_WORK ITEM_
Quote word for word the lines below, beginning with the first and ending with the one that has "May include: A". Drop the pictures.

(RECORDS TO PROCESS)

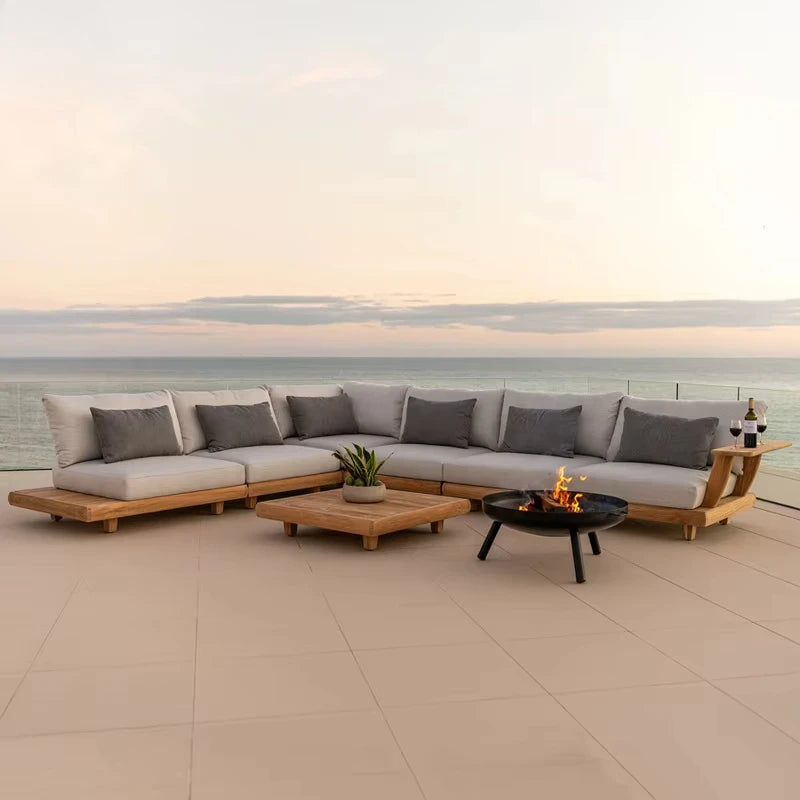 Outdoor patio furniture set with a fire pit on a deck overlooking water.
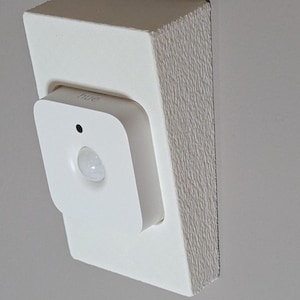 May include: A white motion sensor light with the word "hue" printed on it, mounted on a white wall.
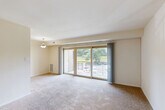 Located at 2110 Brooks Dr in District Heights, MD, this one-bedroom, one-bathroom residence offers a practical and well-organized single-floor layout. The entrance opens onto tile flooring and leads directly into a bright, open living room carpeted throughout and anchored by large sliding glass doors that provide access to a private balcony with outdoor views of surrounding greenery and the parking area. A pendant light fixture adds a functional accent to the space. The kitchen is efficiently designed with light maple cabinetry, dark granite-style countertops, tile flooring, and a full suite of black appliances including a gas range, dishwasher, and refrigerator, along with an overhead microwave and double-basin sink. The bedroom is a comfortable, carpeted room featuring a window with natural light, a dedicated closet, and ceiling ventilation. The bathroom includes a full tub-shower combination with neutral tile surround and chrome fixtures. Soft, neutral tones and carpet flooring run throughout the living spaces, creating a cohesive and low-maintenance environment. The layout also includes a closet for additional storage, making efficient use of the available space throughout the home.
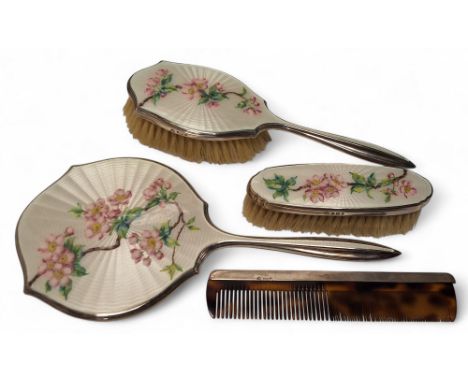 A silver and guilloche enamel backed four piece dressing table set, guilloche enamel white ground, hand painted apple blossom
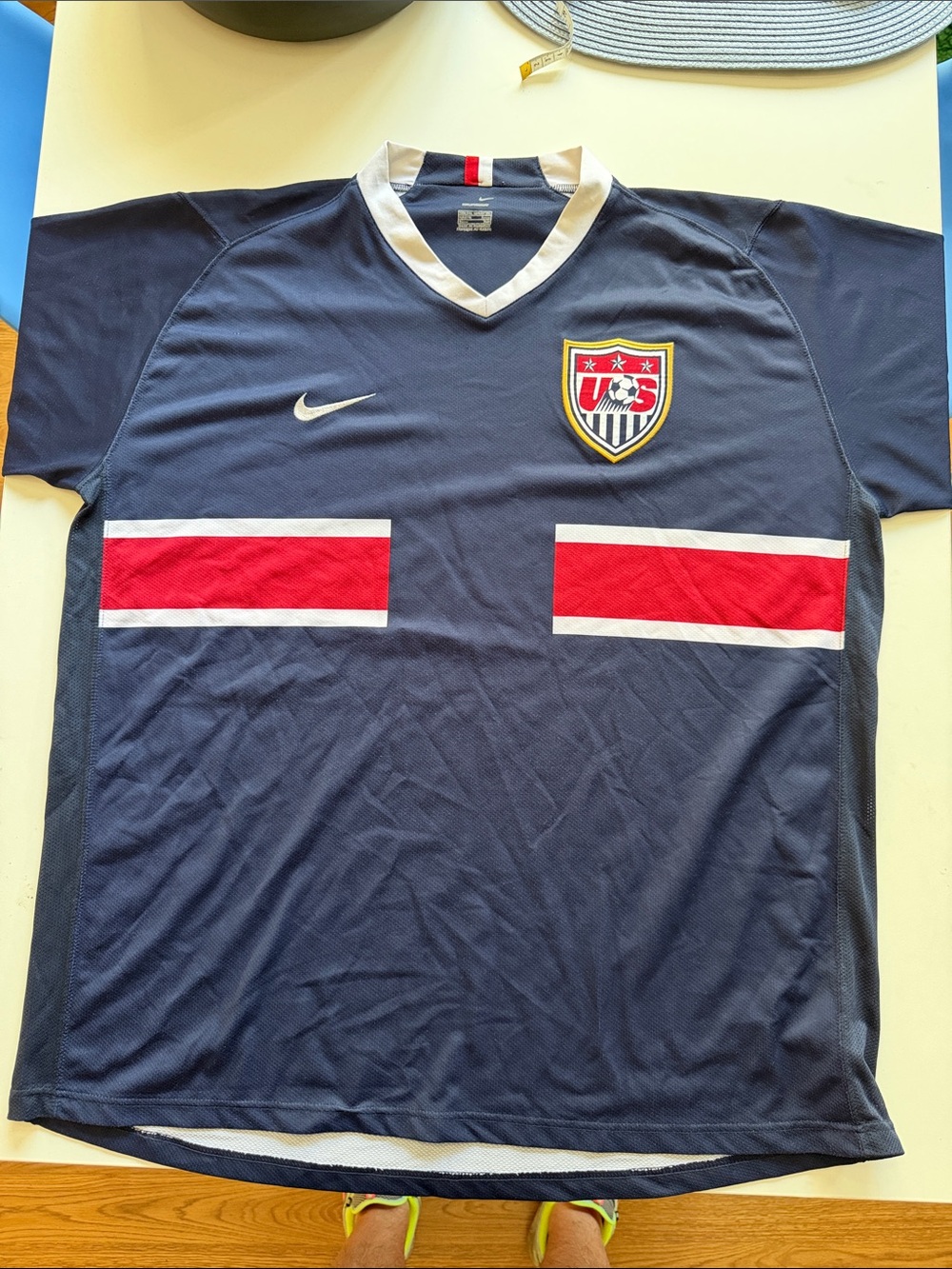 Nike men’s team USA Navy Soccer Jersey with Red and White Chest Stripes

(End RECORDS TO PROCESS)

_RESULT OF THIS EXERCISE_
 Outdoor patio furniture set with a fire pit on a deck overlooking water.
 May include: A white motion sensor light with the word "hue" printed on it, mounted on a white wall.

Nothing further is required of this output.